■ Task ■
In the entries below, locate the line with "Enhanced Security Features Hurst", then give again that line and all lines after it, exactly, with pictures omitted.

■ The input ■
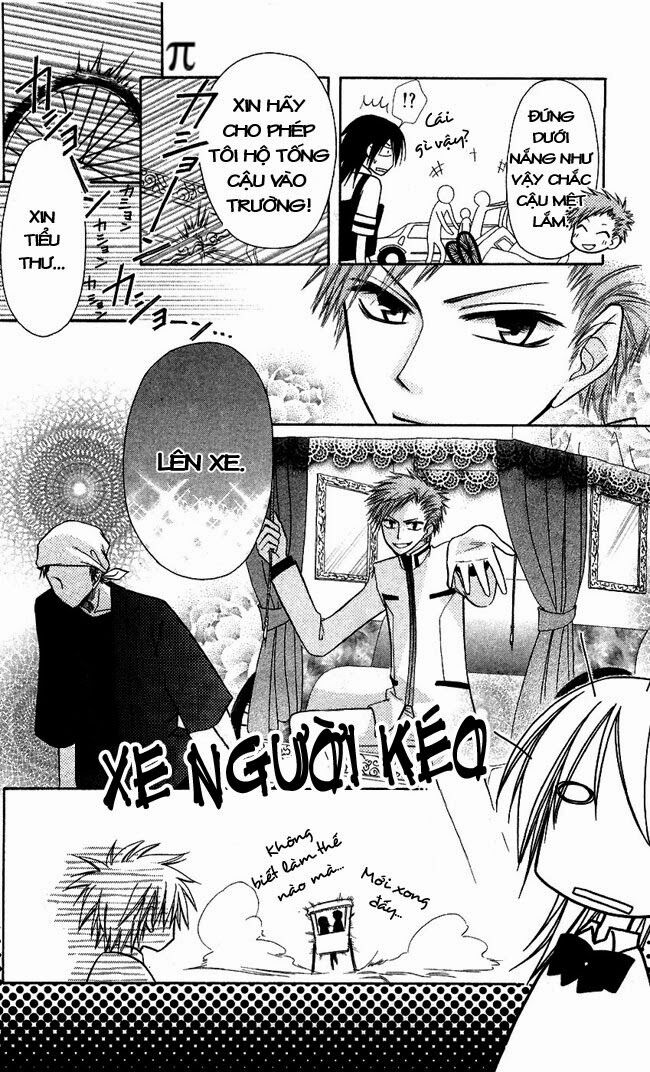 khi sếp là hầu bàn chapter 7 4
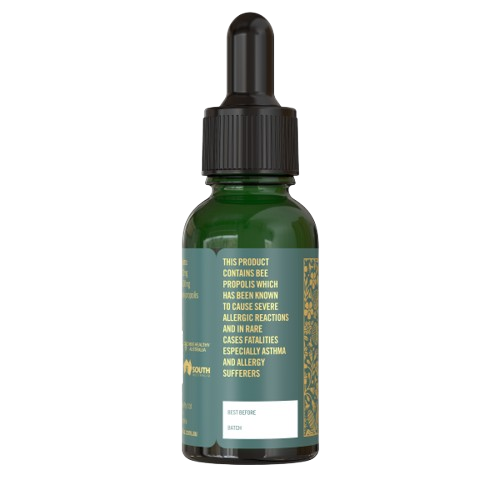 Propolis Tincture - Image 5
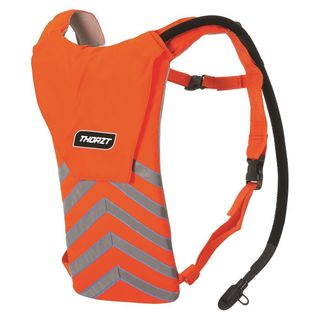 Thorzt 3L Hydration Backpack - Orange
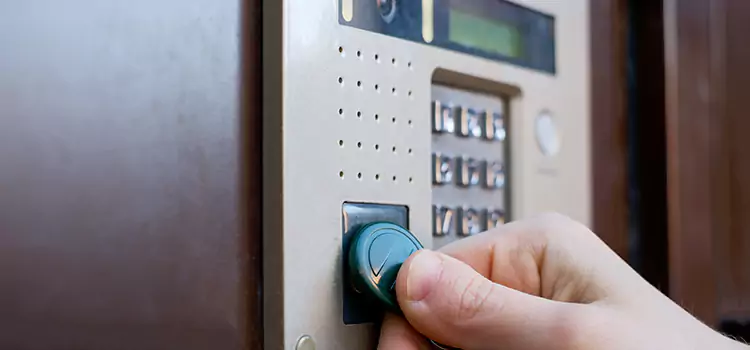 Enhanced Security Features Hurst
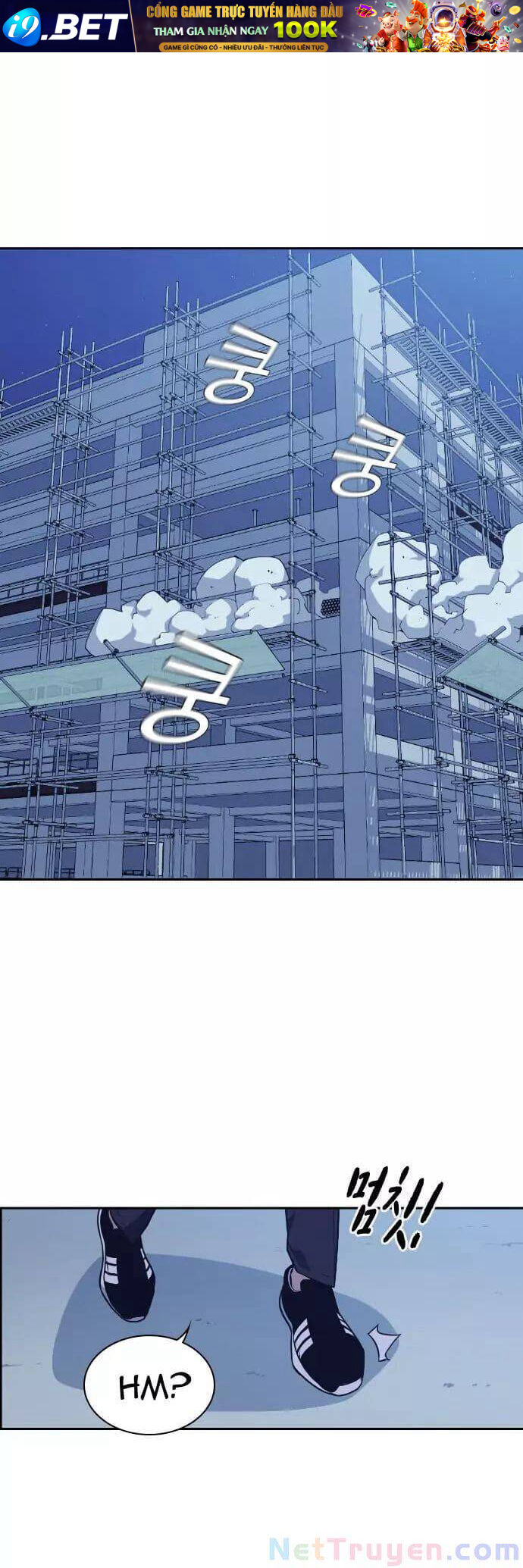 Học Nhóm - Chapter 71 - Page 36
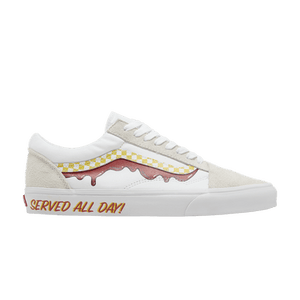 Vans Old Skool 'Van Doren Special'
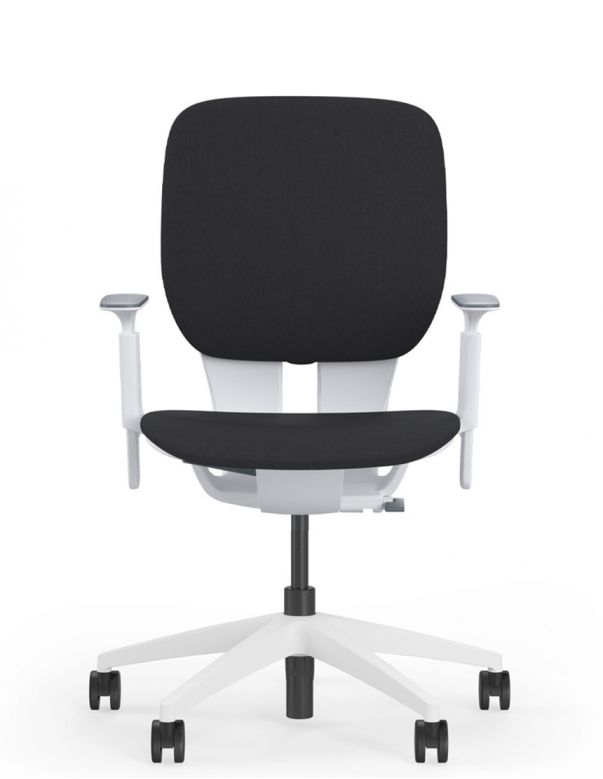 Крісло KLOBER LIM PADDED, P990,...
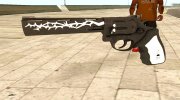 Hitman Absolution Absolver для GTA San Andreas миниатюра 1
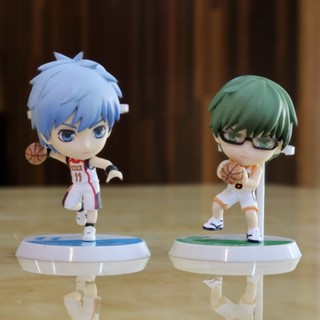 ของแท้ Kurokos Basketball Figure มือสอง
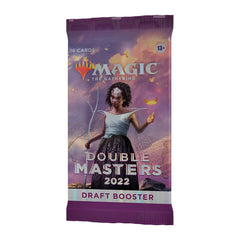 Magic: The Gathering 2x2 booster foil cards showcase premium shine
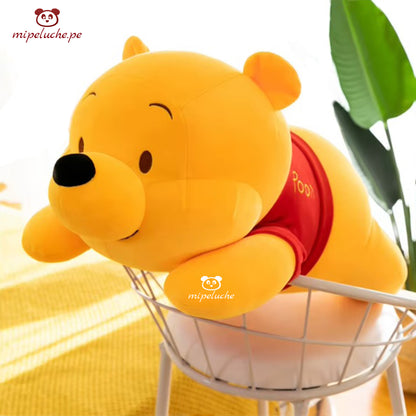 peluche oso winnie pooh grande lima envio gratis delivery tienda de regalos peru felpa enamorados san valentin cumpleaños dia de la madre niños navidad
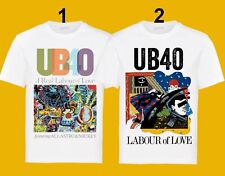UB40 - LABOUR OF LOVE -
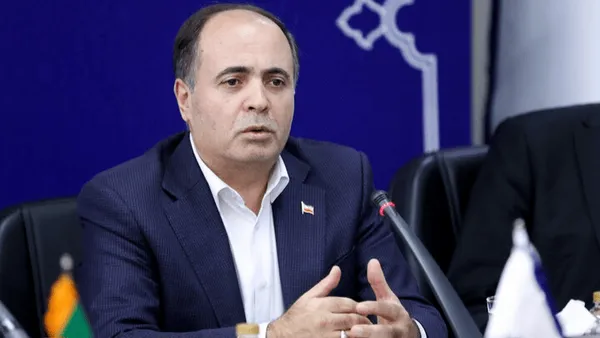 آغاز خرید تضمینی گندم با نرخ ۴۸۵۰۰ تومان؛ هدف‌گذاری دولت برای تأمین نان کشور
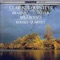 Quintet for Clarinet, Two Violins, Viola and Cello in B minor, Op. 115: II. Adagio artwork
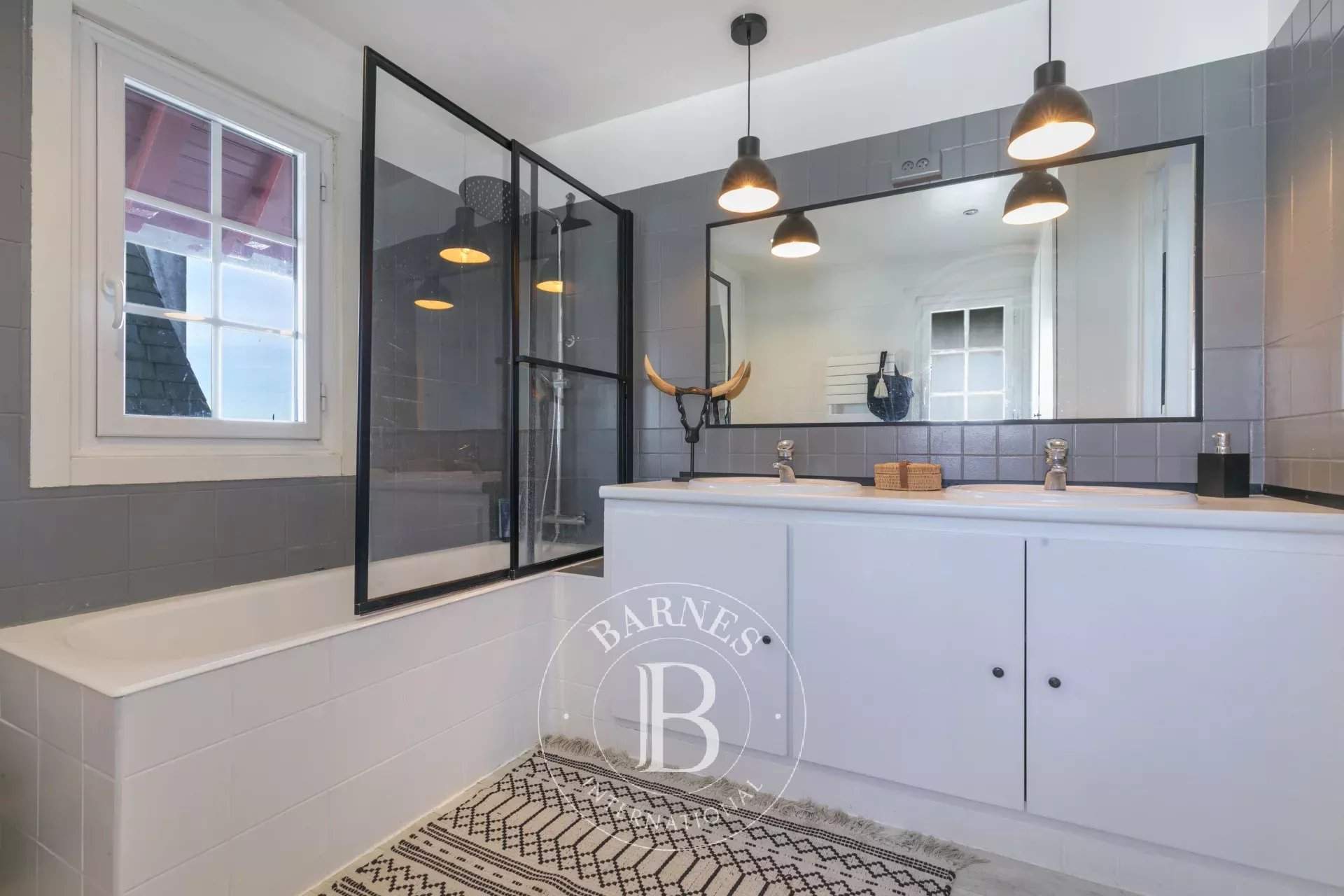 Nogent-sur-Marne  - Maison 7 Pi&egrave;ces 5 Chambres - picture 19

■ Written answer ■
 Enhanced Security Features Hurst
 Học Nhóm - Chapter 71 - Page 36
 Vans Old Skool 'Van Doren Special'
 Крісло KLOBER LIM PADDED, P990,...
 Hitman Absolution Absolver для GTA San Andreas миниатюра 1
 ของแท้ Kurokos Basketball Figure มือสอง
 Magic: The Gathering 2x2 booster foil cards showcase premium shine
 peluche oso winnie pooh grande lima envio gratis delivery tienda de regalos peru felpa enamorados san valentin cumpleaños dia de la madre niños navidad
UB40 - LABOUR OF LOVE -
 آغاز خرید تضمینی گندم با نرخ ۴۸۵۰۰ تومان؛ هدف‌گذاری دولت برای تأمین نان کشور
 Quintet for Clarinet, Two Violins, Viola and Cello in B minor, Op. 115: II. Adagio artwork
 Nogent-sur-Marne  - Maison 7 Pi&egrave;ces 5 Chambres - picture 19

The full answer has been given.